··· Provided data
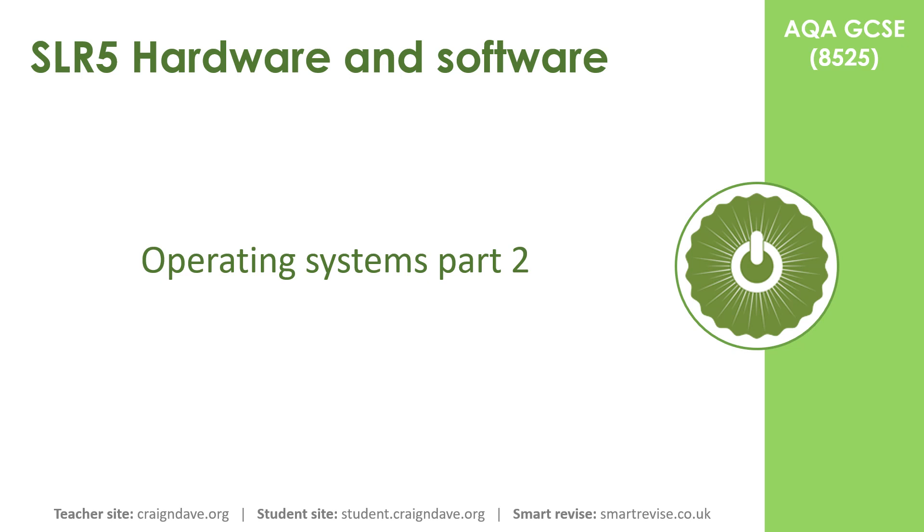This video is the second in a series where we look in a little more detail at some of the main functions of an operating system. In this particular video, we look at user management and file management.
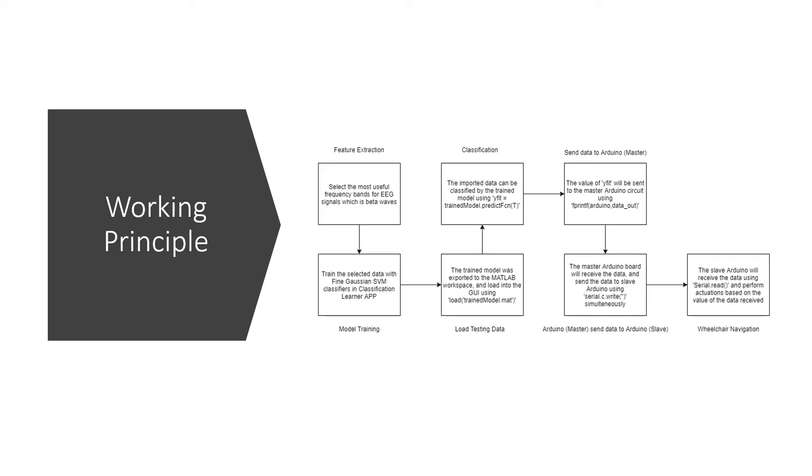The feature extraction is to select the most useful frequency bands for EEG signals which is the beta wave after testing all the waves, the efficiency of all the waves. After that, the model will be trained using the dataset using a Fine Gaussian SVM classifier in the Classification Learner app from MATLAB.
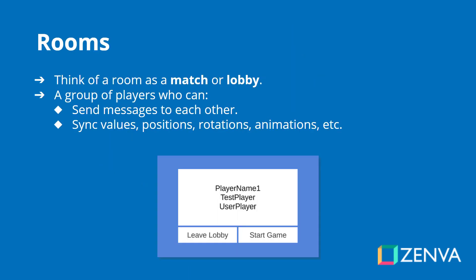Think of a room as a match or a lobby. These are groups of players who can send messages to each other, syncing values, positions, rotations, animations, etc. Think of your favourite game where you have your own lobby or match of 10 to 20 players — a self-contained version of the game where you are only communicating with each other, and not other players in other matches on different maps.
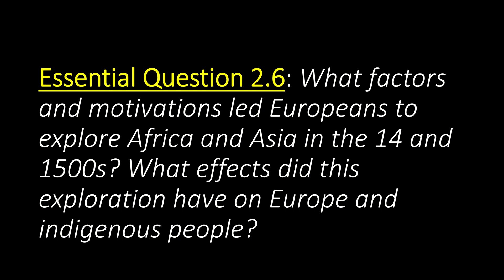Today we're going to talk about essential question 2.6. We're going to ask two questions: what factors and motivations led Europeans to explore Africa and Asia in the 1400s and 1500s? And what effects did this exploration have on Europe and indigenous people?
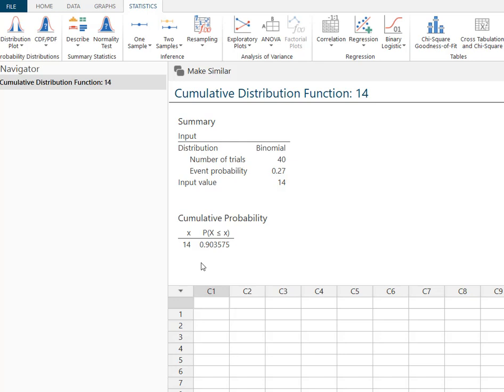Just remember when you're putting in that input value, remember two things: one, Minitab solves from your input value down to zero; and you have to determine whether or not to include that value as part of your probability or not.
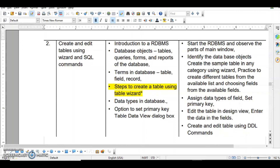Welcome back students to yet another tutorial for OpenOffice Base where we are going to start with Session 2. In Session 2 we are going to create and edit tables using wizard and SQL commands. We will cover when we will start with the SQL commands specifically.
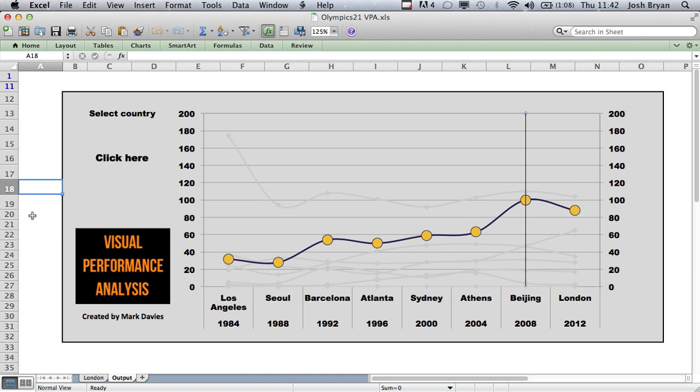Hi everyone, in this video we'll be sharing an Excel chart made by Mark Davis. Please check out his previous blogs on the site. If you search 'visualising data in Excel' in the search bar on the top right hand side you'll be able to find the blogs.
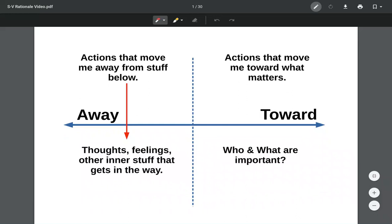This is a standard ACT Matrix. It has 'toward' on one side and 'away' on the other, creating four boxes with a vertical line. Actions are on the outer end — anything outside your body, external experience — and underneath the horizontal line is any kind of inner or mental experiencing. This is how the traditional ACT Matrix is usually set up.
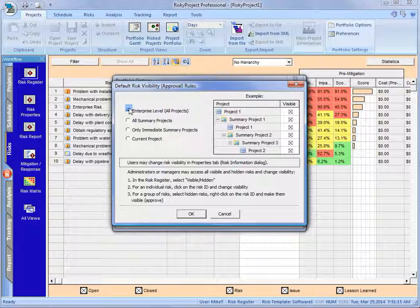So once it's entered in one project, if no changes are made to it, it's immediately available to every single other project. For this example, we're just going to put it on current project.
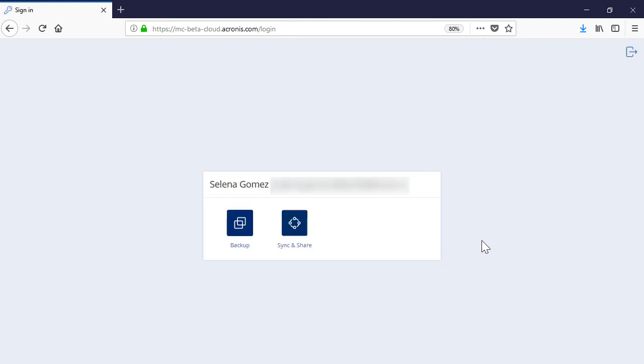In this case, once you've logged into the Acronis Files Cloud, you will see all the services assigned to you. This allows you to switch between those services anytime.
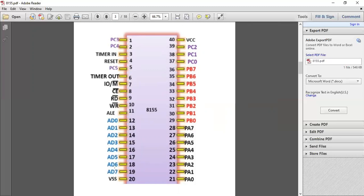Address latch enable is used to activate the address bus. If this is low, then your data address will be activated. AD0 to AD7, pin number 12 to 19, these are address and data buses. At a time, only one will activate: either address will work or data will work. When your address latch is enabled, your address will transfer, and when disabled, your data will be transferred.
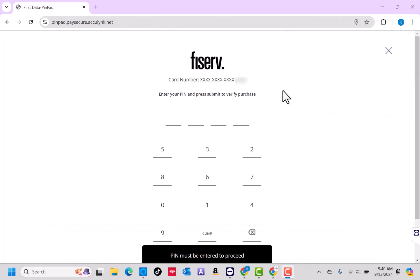You will then be directed to this page wherein you have to enter PIN and Submit to verify the purchase. Once you've entered the PIN and it has been verified, you could just follow the on-screen instructions to complete the checkout. And that's how you add EBT Card to ShopRite account.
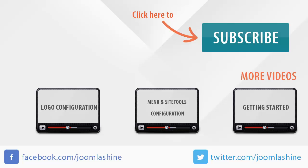So we've finished layout configuration. See you at the next video in which I will introduce color configuration. Thank you for watching. See you at the next video.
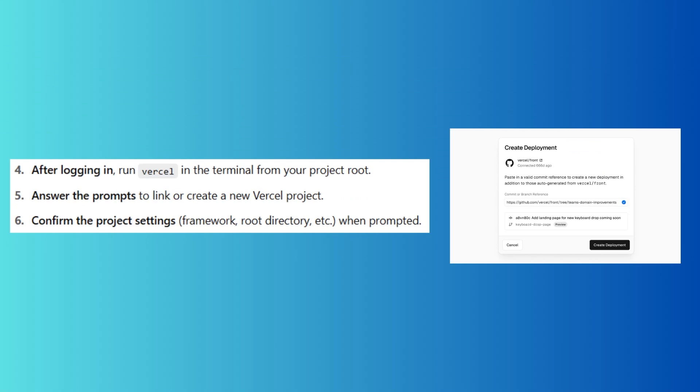Now answer the prompts to link or create a new Vercel project. Next, confirm the project settings when prompted.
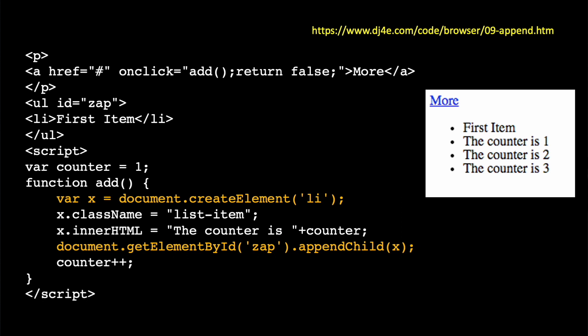And then in the JavaScript, I create a global variable called counter equals one, and then I create a function called add, and in that function, I go create a new create element. Document.createElement says make me a new element. I want an element of a tag, an LI tag. And then I can set things. I can set its class name. I can set its inner HTML. I'm concatenating the word the counter is, and then I'm concatenating the number, and then I'm going to go document getElementID zap. Now that is the UL tag, append child. So the LI tag is a child of the UL tag, and by saying append child, I say I want to make a new child of this UL tag. And so that's when you click it, and then counter goes up by one.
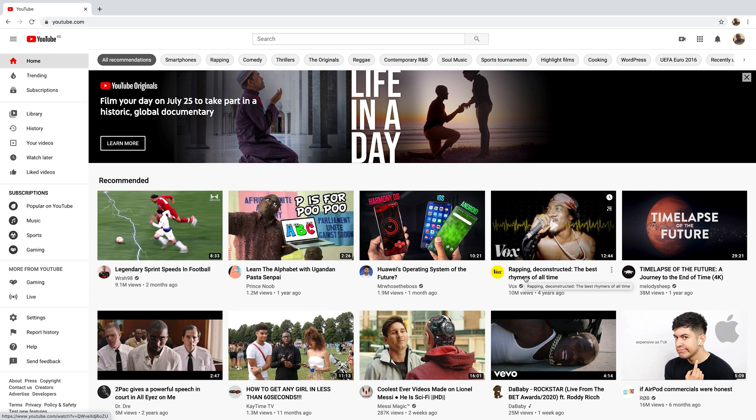Welcome to Appredication's daily tech tips. In today's tech tips, we're learning about YouTube history — everything you need to know about YouTube history.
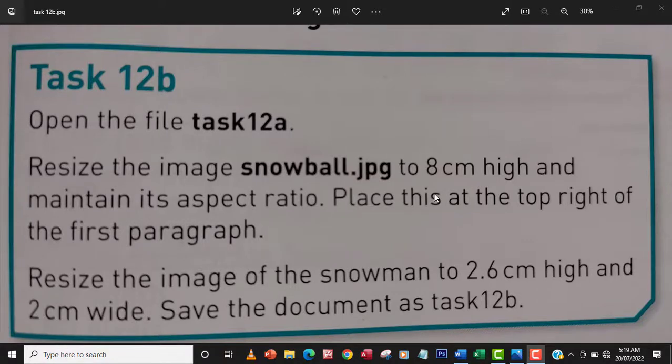Hello guys, welcome to another video. In this video you're going to learn how to resize images in Microsoft Word document.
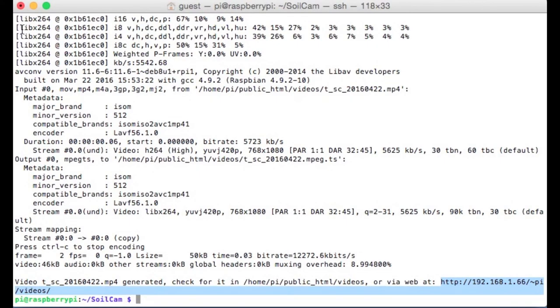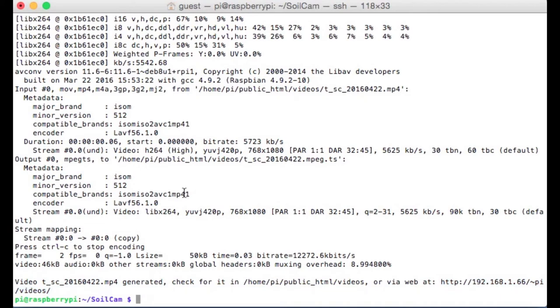This is all well and good, but the whole point of this is to have a script that you can just run in the background and it can continue scanning day and night, night and day, for days, weeks, months, on end. We can automate that pretty easily using a program called cron.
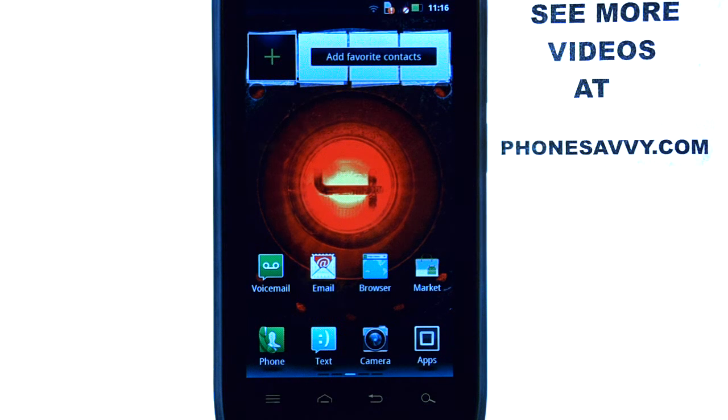Welcome to PhoneSavvy.com smartphone training videos. See more training videos on the Motorola Droid 4 at PhoneSavvy.com.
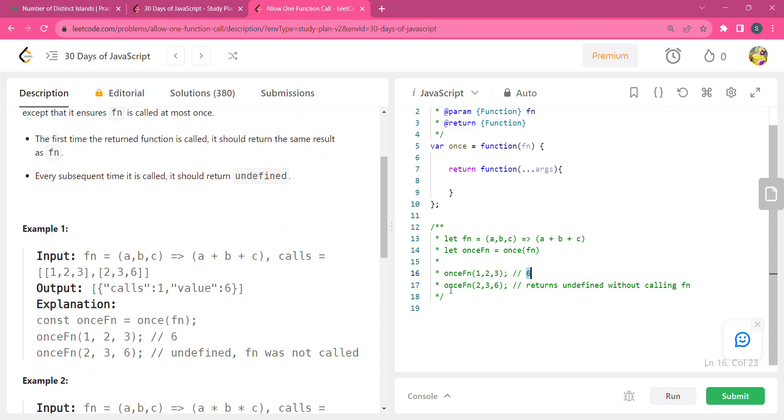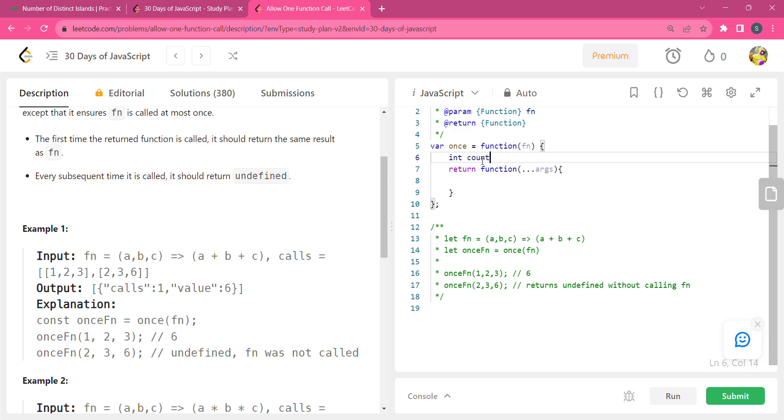When the function is called another time, it returns undefined. So an approach is that we could make a count equals to zero initially. In JavaScript, it is let count equals to zero.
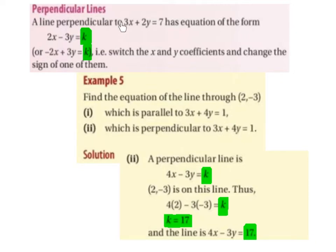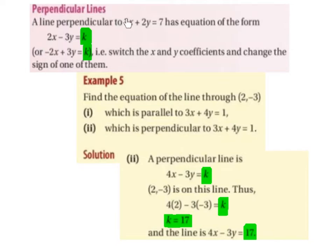A line perpendicular to 3x plus 2y equals 7 has an equation of the form 2x minus 3y equals k, or minus 2x plus 3y equals k. That is, you switch the x and y coefficients and change the sign of one of them. So the 3x swapped for 2x, the 2y swapped for 3y — the numbers swapped — and the plus became a minus. We changed the sign of one of them.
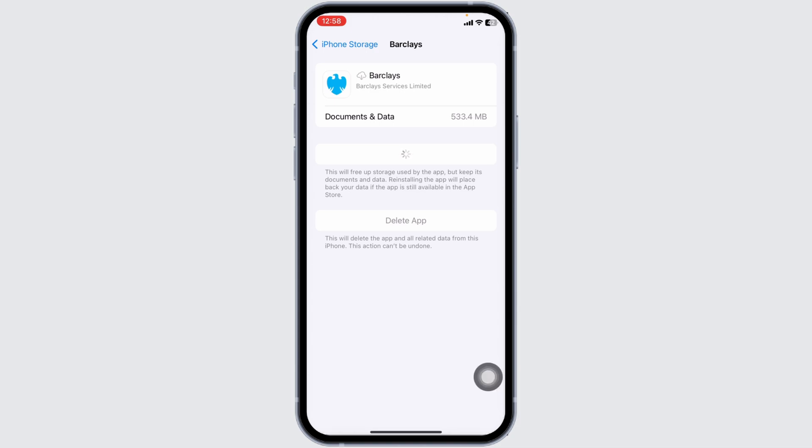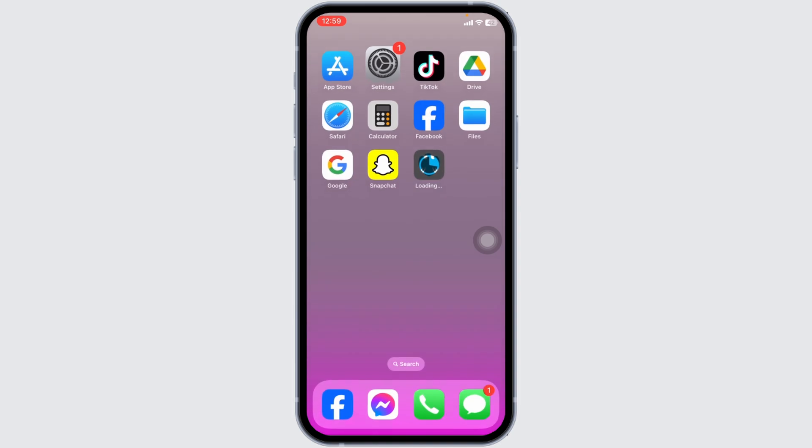If this solution doesn't work for you, what you have to do is completely delete this app from your device and reinstall it. For that, click on the option of delete app. With that, you'll get the pop-up. Click on delete for the confirmation. The app will be deleted. Then you can close this.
······
### Task brief
For this exercise, set down the lines in the entries above from the one with "Hi everyone, in" through the one with "This is a standard" exactly as written, without any pictures.

### Reply to the task
Hi everyone, in this video we'll be sharing an Excel chart made by Mark Davis. Please check out his previous blogs on the site. If you search 'visualising data in Excel' in the search bar on the top right hand side you'll be able to find the blogs.
This is a standard ACT Matrix. It has 'toward' on one side and 'away' on the other, creating four boxes with a vertical line. Actions are on the outer end — anything outside your body, external experience — and underneath the horizontal line is any kind of inner or mental experiencing. This is how the traditional ACT Matrix is usually set up.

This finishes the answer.